___ Material to process
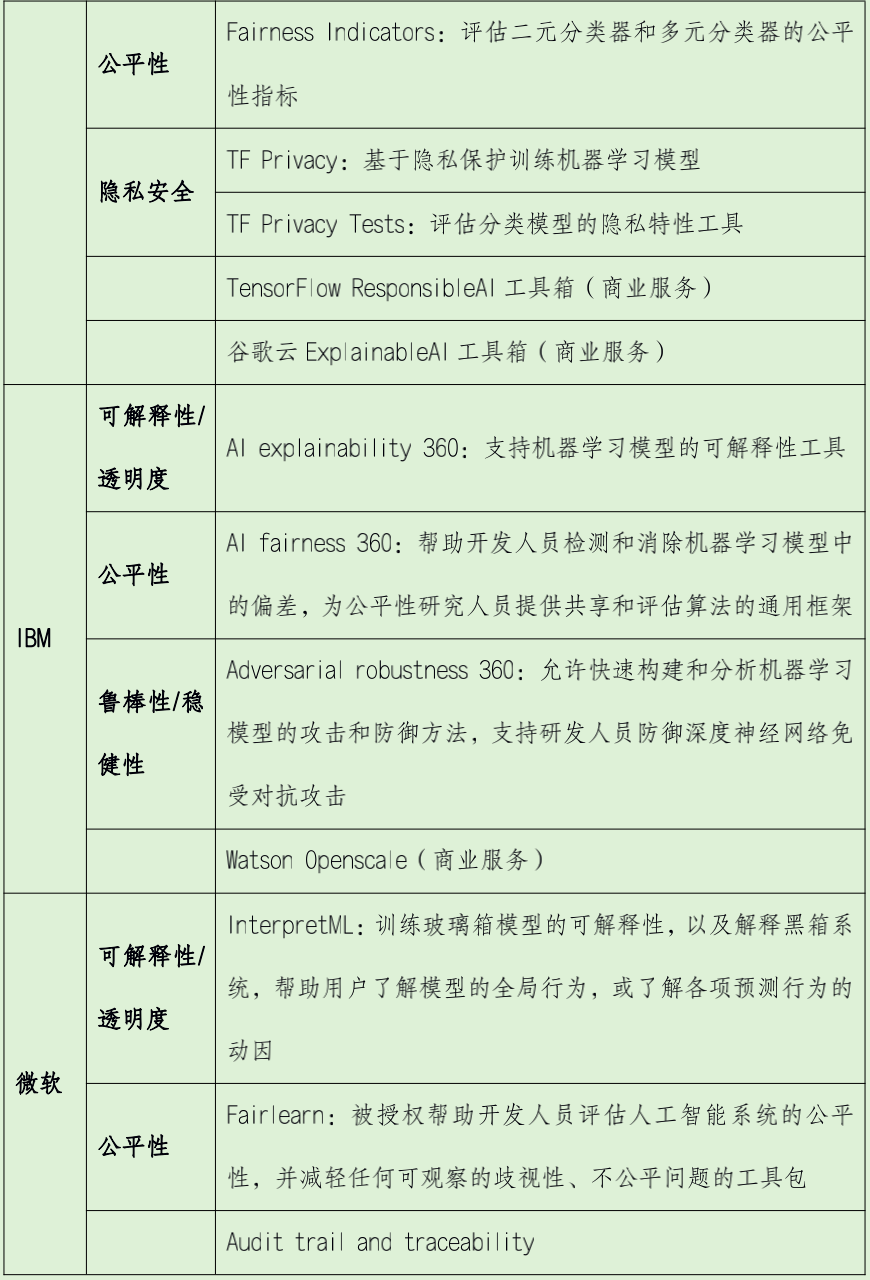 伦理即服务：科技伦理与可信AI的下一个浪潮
______
___ Material to process
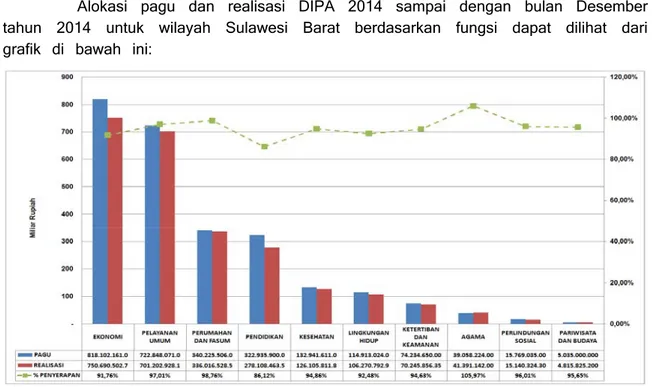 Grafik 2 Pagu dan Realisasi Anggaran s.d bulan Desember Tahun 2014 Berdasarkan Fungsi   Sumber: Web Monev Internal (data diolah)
______
___ Material to process
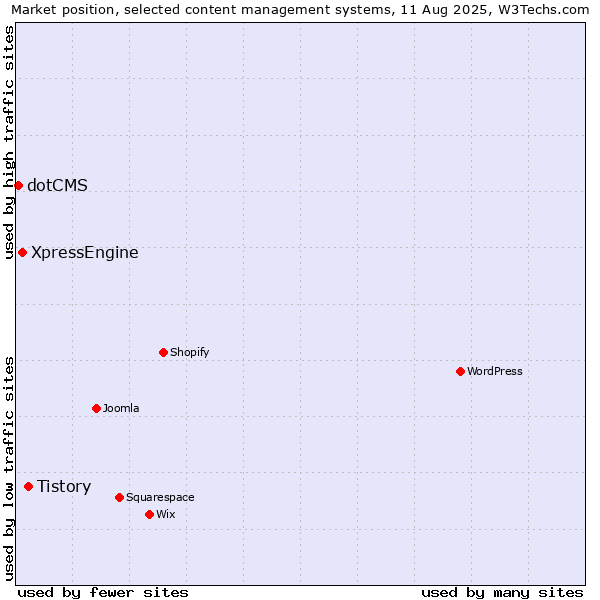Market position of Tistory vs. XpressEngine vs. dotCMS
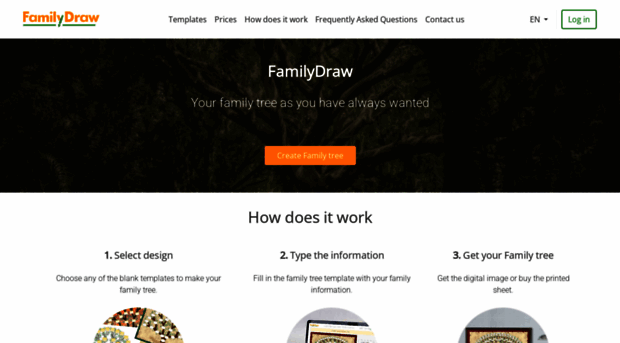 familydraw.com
______
■ Work instructions ■
After locating "Market position of" and "familydraw.com" in the records above, return exactly the line holding each one and every line between them; leave out the pictures.

■ Exercise response ■
Market position of Tistory vs. XpressEngine vs. dotCMS
 familydraw.com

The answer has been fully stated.